== ASSIGNED TASK ==
Your whole answer should be the number of lines in the material below that include the word "Image".

== EXTRACTED DATA ==
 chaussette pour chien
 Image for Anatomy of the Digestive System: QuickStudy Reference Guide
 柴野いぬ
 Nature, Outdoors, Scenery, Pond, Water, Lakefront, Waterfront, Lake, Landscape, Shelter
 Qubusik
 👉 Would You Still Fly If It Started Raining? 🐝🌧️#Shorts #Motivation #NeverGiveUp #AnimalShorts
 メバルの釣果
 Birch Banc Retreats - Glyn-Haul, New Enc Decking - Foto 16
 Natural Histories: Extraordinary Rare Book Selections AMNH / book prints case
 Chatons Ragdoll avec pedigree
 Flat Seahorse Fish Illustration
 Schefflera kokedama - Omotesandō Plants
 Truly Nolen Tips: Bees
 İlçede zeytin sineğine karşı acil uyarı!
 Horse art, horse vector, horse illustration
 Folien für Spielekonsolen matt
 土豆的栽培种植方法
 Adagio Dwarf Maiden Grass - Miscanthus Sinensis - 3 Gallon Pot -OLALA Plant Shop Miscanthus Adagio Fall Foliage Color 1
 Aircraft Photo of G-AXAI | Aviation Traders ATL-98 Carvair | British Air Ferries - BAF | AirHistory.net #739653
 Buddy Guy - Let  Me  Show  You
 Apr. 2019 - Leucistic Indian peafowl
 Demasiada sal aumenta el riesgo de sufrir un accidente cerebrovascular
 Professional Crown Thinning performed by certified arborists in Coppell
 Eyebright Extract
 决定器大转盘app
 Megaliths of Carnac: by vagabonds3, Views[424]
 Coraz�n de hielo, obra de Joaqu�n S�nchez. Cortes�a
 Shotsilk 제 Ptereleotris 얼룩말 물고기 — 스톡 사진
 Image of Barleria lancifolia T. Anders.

== OUTPUT OF THE EXERCISE ==
2